A Novel Aromatic-Ring-Hydroxylating Dioxygenase from the Diterpenoid-Degrading Bacterium Pseudomonas abietaniphila BKME-9

Vincent J. J. Martin and William W. Mohn*

Department of Microbiology and Immunology and Pulp and Paper Center, University of British Columbia, Vancouver, British Columbia V6T 1Z3, Canada

Received 27 October 1998/Accepted 16 February 1999

Pseudomonas abietaniphila BKME-9 is able to degrade dehydroabietic acid (DhA) via ring hydroxylation by a novel dioxygenase. The ditA1, ditA2, and ditA3 genes, which encode the alpha  and beta  subunits of the oxygenase and the ferredoxin of the diterpenoid dioxygenase, respectively, were isolated and sequenced. The ferredoxin gene is 9.2 kb upstream of the oxygenase genes and 872 bp upstream of a putative meta ring cleavage dioxygenase gene, ditC. A Tn5 insertion in the alpha  subunit gene, ditA1, resulted in the accumulation by the mutant strain BKME-941 of the pathway intermediate, 7-oxoDhA. Disruption of the ferredoxin gene, ditA3, in wild-type BKME-9 by mutant-allele exchange resulted in a strain (BKME-91) with a phenotype identical to that of the mutant strain BKME-941. Sequence analysis of the putative ferredoxin indicated that it is likely to be a [4Fe-4S]- or [3Fe-4S]-type ferredoxin and not a [2Fe-2S]-type ferredoxin, as found in all previously described ring-hydroxylating dioxygenases. Expression in Escherichia coli of ditA1A2A3, encoding the diterpenoid dioxygenase without its putative reductase component, resulted in a functional enzyme. The diterpenoid dioxygenase attacks 7-oxoDhA, and not DhA, at C-11 and C-12, producing 7-oxo-11,12-dihydroxy-8,13-abietadien acid, which was identified by 1H nuclear magnetic resonance, UV-visible light, and high-resolution mass spectrometry. The organization of the genes encoding the various components of the diterpenoid dioxygenase, the phylogenetic distinctiveness of both the alpha  subunit and the ferredoxin component, and the unusual Fe-S cluster of the ferredoxin all suggest that this enzyme belongs to a new class of aromatic ring-hydroxylating dioxygenases.

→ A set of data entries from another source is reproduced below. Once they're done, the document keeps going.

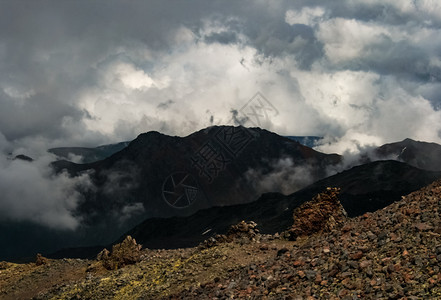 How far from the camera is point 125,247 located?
116 feet

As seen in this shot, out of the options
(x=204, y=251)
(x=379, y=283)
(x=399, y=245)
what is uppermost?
(x=204, y=251)

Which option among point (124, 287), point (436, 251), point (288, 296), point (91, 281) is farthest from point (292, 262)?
point (91, 281)

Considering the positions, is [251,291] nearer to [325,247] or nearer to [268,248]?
[325,247]

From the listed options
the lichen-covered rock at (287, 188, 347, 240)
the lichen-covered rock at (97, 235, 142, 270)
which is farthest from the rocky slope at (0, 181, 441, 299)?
the lichen-covered rock at (97, 235, 142, 270)

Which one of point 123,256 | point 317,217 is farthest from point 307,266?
point 123,256

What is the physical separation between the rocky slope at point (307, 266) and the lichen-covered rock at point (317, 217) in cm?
11

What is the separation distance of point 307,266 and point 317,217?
1008 centimetres

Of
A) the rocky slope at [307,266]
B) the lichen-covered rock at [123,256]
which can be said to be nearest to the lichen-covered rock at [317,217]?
the rocky slope at [307,266]

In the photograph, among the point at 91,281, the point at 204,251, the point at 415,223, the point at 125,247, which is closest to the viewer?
the point at 415,223

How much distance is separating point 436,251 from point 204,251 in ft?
55.0

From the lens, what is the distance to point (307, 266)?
1969 centimetres

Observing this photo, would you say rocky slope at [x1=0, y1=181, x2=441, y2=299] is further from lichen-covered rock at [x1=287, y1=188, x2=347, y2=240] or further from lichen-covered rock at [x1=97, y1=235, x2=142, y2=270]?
lichen-covered rock at [x1=97, y1=235, x2=142, y2=270]

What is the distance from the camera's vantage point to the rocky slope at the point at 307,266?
51.4 feet

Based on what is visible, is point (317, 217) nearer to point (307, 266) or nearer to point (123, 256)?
point (307, 266) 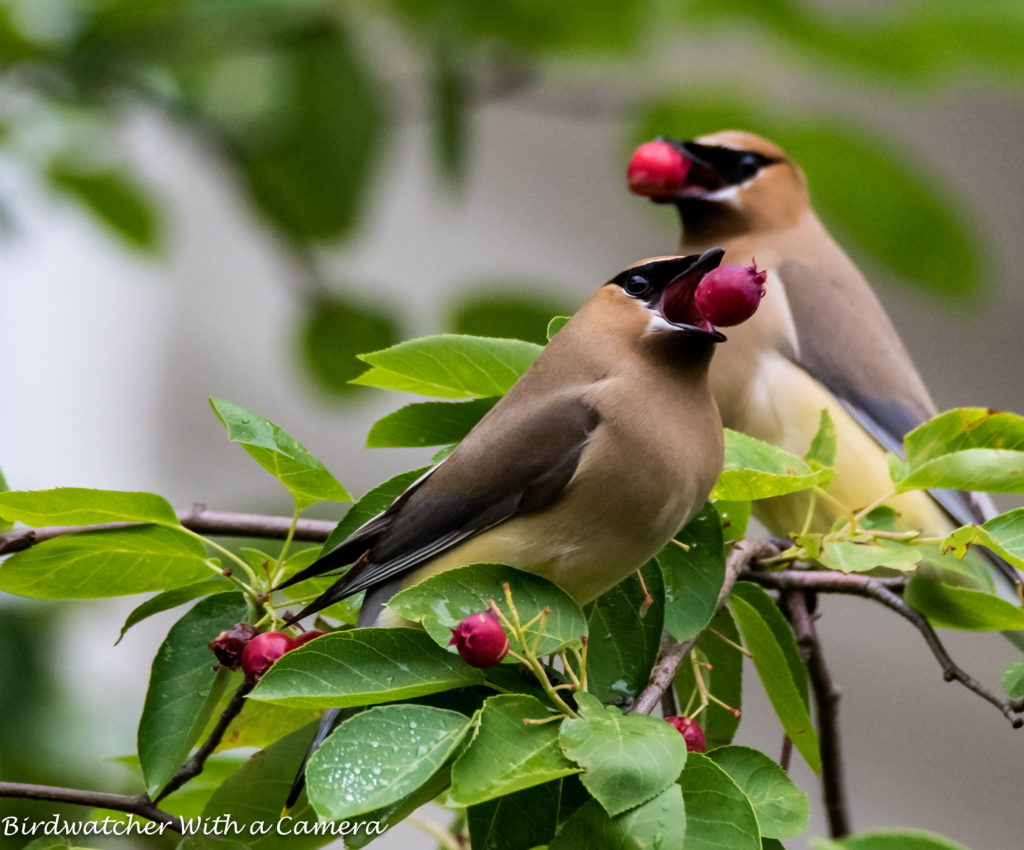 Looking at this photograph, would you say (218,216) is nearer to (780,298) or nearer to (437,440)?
(780,298)

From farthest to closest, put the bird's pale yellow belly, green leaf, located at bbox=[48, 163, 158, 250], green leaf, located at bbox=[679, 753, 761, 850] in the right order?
green leaf, located at bbox=[48, 163, 158, 250]
the bird's pale yellow belly
green leaf, located at bbox=[679, 753, 761, 850]

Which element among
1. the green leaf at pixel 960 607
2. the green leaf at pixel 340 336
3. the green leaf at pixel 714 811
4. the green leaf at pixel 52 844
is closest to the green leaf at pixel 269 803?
the green leaf at pixel 52 844

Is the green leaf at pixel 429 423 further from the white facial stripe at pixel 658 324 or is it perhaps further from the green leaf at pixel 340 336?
the green leaf at pixel 340 336

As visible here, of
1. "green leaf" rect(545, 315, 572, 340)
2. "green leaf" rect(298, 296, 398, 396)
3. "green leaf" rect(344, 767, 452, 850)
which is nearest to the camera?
"green leaf" rect(344, 767, 452, 850)

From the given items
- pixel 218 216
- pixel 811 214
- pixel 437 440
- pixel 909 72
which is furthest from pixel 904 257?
pixel 218 216

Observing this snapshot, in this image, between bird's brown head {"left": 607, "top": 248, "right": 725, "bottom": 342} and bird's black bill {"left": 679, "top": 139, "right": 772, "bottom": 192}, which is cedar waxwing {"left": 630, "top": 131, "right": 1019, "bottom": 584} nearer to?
bird's black bill {"left": 679, "top": 139, "right": 772, "bottom": 192}

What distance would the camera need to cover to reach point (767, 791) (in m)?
0.97

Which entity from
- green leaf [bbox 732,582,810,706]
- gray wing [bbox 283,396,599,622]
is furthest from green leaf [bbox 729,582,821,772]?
gray wing [bbox 283,396,599,622]

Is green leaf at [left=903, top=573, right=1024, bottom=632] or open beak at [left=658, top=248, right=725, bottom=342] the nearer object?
green leaf at [left=903, top=573, right=1024, bottom=632]

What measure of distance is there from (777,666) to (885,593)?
4.7 inches

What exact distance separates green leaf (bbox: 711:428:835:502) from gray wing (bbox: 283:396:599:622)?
133 millimetres

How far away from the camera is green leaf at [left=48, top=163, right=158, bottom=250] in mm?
2502

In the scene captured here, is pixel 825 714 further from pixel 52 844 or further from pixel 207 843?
pixel 52 844

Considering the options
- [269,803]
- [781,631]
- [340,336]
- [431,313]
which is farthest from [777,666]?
[431,313] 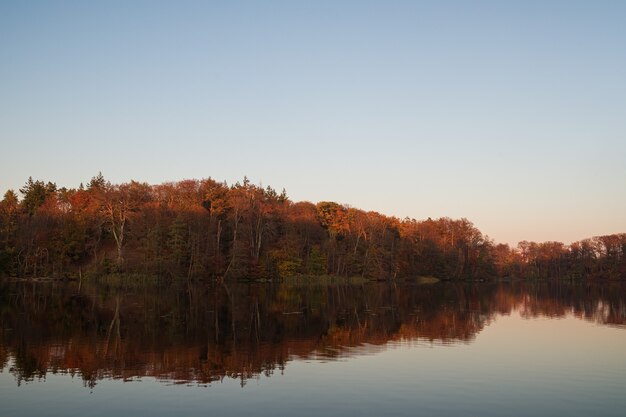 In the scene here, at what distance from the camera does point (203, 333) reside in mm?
27062

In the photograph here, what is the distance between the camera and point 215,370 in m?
18.5

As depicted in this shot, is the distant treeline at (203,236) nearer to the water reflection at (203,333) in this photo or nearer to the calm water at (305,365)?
the water reflection at (203,333)

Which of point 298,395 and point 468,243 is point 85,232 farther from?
point 468,243

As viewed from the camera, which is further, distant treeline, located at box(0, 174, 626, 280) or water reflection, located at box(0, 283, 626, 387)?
distant treeline, located at box(0, 174, 626, 280)

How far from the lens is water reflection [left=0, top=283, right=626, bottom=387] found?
1902 cm

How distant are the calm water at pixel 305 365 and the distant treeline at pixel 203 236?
42.6 metres

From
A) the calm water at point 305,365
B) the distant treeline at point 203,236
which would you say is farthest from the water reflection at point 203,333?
the distant treeline at point 203,236

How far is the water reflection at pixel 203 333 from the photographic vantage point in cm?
Result: 1902

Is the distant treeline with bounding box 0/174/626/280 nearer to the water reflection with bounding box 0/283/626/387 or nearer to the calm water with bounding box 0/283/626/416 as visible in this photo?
the water reflection with bounding box 0/283/626/387

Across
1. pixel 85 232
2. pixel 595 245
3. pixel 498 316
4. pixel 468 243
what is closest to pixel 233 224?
pixel 85 232

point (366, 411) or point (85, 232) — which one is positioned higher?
point (85, 232)

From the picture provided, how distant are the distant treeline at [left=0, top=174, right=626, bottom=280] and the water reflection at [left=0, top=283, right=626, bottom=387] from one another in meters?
31.8

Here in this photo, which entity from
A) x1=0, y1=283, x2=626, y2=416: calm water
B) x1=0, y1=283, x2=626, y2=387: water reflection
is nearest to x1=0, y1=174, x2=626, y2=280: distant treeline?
x1=0, y1=283, x2=626, y2=387: water reflection

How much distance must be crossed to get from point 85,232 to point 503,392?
76.5 metres
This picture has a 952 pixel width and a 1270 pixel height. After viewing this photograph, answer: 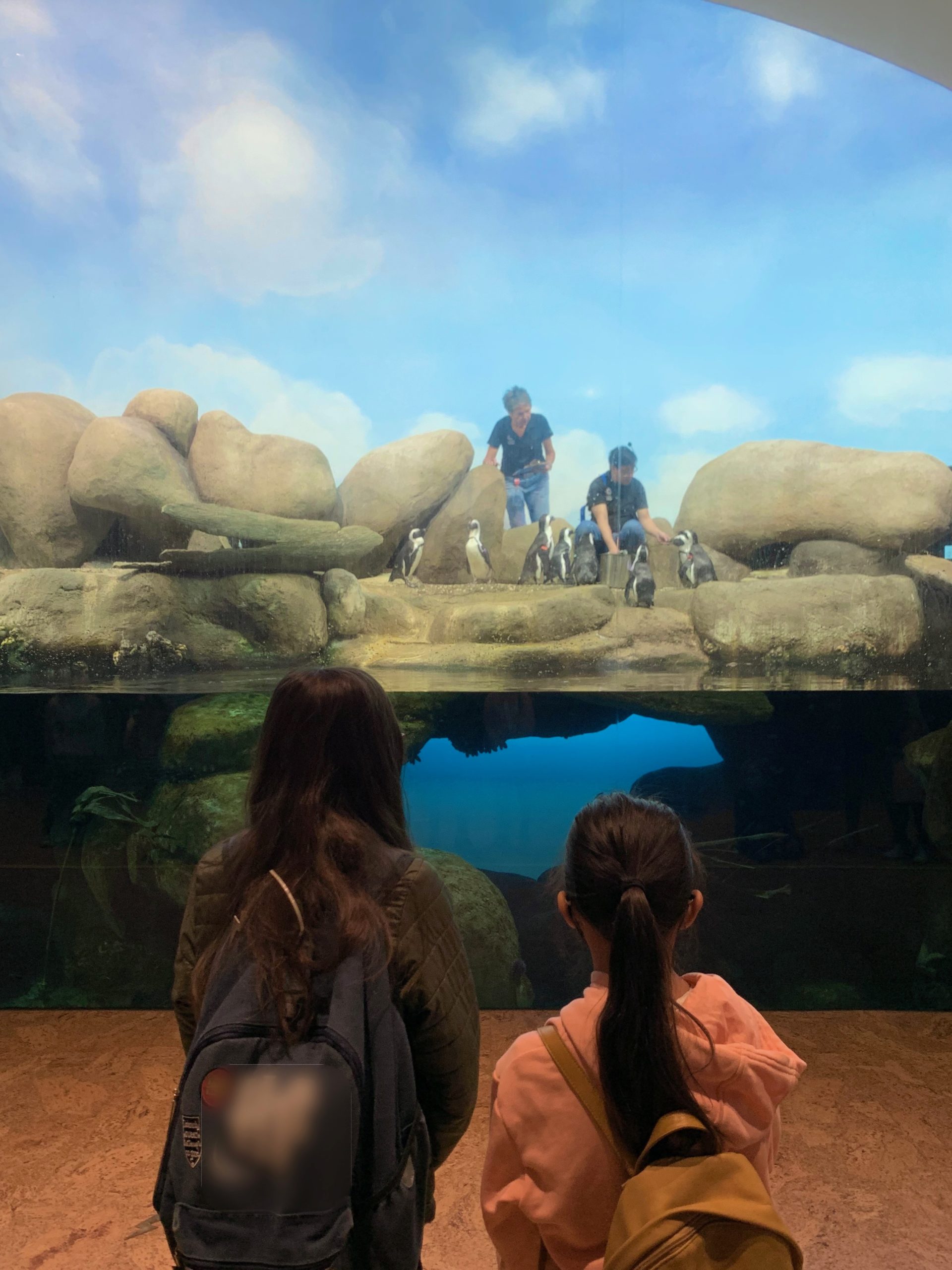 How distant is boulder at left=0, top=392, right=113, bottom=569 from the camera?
5652mm

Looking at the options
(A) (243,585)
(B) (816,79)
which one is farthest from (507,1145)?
(B) (816,79)

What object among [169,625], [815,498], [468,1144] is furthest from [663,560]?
[468,1144]

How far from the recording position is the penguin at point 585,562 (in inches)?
217

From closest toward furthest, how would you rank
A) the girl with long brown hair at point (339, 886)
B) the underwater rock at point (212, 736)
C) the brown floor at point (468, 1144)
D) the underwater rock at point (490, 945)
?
1. the girl with long brown hair at point (339, 886)
2. the brown floor at point (468, 1144)
3. the underwater rock at point (490, 945)
4. the underwater rock at point (212, 736)

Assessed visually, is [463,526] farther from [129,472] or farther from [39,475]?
[39,475]

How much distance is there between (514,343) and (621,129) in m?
1.39

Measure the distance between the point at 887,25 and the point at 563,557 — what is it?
294 centimetres

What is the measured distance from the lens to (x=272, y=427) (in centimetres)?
573

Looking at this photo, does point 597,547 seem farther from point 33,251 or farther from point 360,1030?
point 360,1030

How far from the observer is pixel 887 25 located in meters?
4.30

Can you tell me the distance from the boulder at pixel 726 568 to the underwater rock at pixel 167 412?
3185 mm

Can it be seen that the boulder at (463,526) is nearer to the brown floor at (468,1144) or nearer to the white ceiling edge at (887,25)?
the brown floor at (468,1144)

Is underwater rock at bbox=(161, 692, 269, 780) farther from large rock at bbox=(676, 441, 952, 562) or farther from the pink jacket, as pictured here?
the pink jacket

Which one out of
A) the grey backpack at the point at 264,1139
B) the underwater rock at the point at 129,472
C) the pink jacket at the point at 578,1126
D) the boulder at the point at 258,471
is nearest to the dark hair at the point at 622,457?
the boulder at the point at 258,471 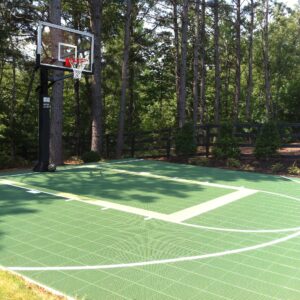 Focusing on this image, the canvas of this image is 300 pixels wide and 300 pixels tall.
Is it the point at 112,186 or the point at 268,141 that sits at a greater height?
the point at 268,141

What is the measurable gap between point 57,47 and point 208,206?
20.8 feet

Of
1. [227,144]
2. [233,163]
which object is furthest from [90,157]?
[233,163]

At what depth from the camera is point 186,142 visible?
13.5 m

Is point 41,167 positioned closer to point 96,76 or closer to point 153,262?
point 96,76

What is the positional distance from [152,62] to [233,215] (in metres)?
20.3

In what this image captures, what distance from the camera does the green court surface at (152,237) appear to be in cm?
361

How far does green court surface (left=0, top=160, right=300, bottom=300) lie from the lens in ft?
11.8

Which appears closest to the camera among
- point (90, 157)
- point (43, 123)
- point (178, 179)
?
point (178, 179)

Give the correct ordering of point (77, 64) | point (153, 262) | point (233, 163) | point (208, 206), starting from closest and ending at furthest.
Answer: point (153, 262)
point (208, 206)
point (77, 64)
point (233, 163)

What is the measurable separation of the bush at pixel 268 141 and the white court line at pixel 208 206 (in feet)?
13.2

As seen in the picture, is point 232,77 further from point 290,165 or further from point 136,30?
point 290,165

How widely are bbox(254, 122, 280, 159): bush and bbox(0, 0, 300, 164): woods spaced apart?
283cm

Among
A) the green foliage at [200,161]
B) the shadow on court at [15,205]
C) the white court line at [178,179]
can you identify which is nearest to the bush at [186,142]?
the green foliage at [200,161]

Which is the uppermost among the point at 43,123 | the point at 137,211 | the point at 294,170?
the point at 43,123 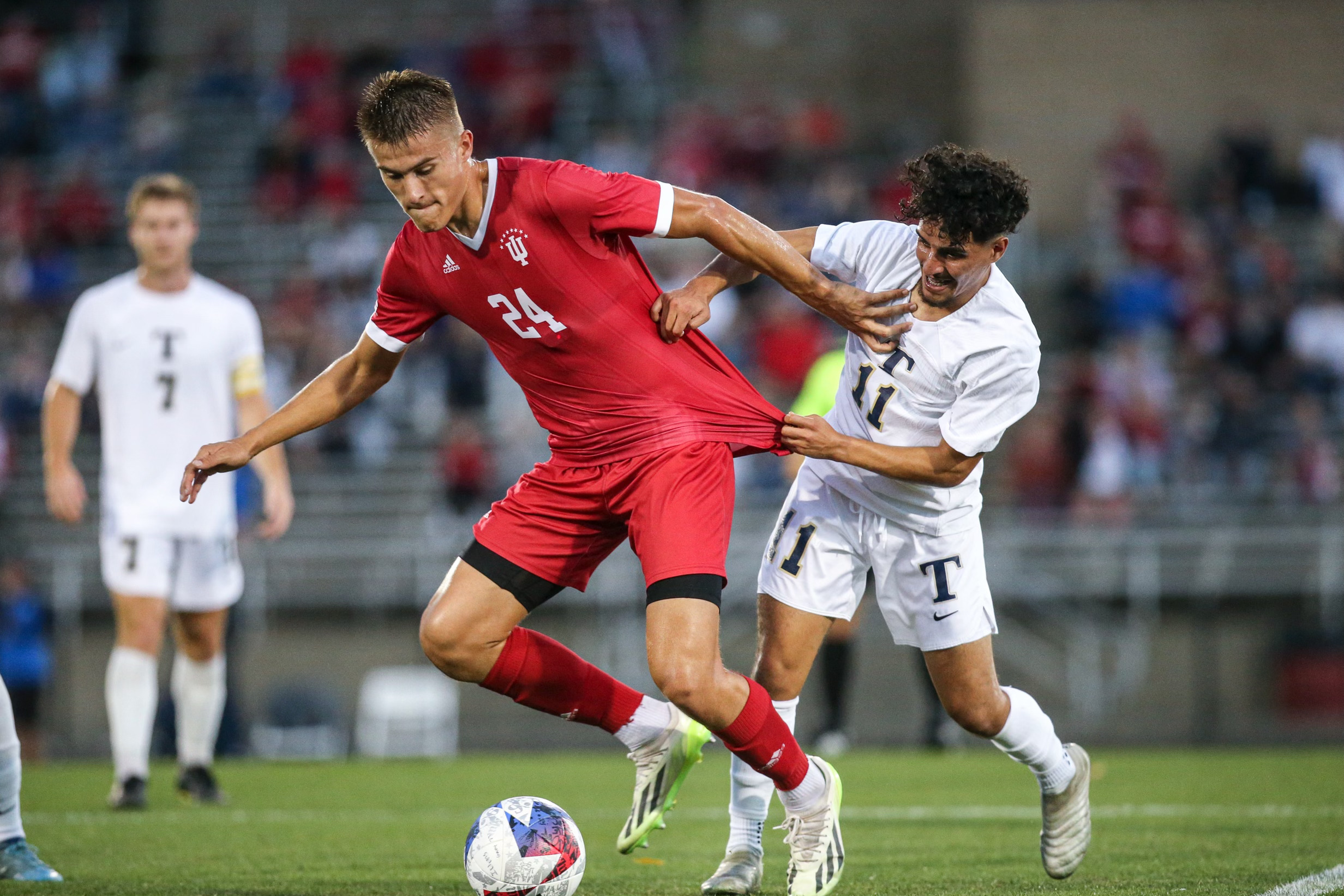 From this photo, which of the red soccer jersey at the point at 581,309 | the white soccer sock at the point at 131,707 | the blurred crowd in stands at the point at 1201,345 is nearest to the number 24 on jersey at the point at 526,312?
the red soccer jersey at the point at 581,309

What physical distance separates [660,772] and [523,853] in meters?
0.76

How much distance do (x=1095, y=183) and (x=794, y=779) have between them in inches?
646

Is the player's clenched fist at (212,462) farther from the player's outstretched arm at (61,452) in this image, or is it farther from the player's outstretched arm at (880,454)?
the player's outstretched arm at (61,452)

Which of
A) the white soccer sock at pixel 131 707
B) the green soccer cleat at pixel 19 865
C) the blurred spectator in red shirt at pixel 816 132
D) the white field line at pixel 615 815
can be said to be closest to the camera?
the green soccer cleat at pixel 19 865

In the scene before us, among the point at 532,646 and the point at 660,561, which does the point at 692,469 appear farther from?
the point at 532,646

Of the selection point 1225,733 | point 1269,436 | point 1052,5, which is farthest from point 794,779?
point 1052,5

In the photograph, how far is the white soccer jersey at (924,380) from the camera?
4.92 m

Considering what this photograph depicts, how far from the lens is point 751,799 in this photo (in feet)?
17.0

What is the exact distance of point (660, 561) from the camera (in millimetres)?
4719

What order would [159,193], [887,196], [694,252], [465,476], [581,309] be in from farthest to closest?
[887,196], [694,252], [465,476], [159,193], [581,309]

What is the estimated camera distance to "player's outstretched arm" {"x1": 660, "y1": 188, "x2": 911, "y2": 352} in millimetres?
4719

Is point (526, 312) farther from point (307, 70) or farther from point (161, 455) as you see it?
point (307, 70)

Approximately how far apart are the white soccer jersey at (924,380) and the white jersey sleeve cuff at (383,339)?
1407 millimetres

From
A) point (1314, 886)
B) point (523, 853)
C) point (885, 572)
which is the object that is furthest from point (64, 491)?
point (1314, 886) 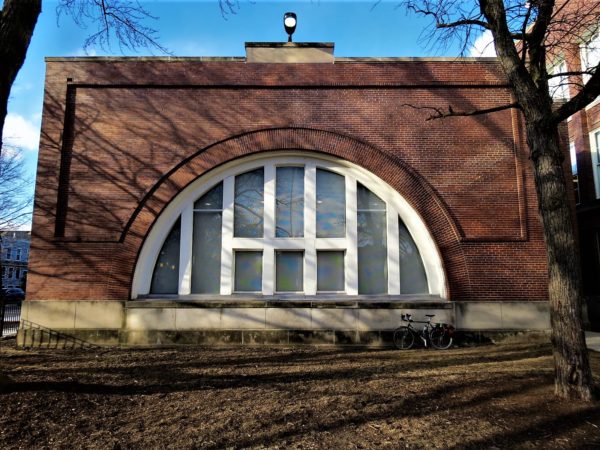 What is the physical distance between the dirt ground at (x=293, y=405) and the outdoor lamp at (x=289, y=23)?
380 inches

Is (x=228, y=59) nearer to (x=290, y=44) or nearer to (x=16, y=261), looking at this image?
(x=290, y=44)

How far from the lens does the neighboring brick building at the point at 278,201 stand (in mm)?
11070

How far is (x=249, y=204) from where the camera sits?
39.6ft

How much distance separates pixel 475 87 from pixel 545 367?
7.93 m

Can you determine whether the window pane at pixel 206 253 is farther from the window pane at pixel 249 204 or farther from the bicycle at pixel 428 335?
the bicycle at pixel 428 335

* Corresponding author. Mailing address: Department of Microbiology and Immunology, University of British Columbia, 300-6174 University Blvd., Vancouver, B.C., Canada V6T 1Z3. Phone: (604) 822-4285. Fax: (604) 822-6041. E-mail: wmohn{at}interchange.ubc.ca.


Journal of Bacteriology, May 1999, p. 2675-2682, Vol. 181, No. 9
0021-9193/99/$04.00+0
Copyright © 1999, American Society for Microbiology. All rights reserved.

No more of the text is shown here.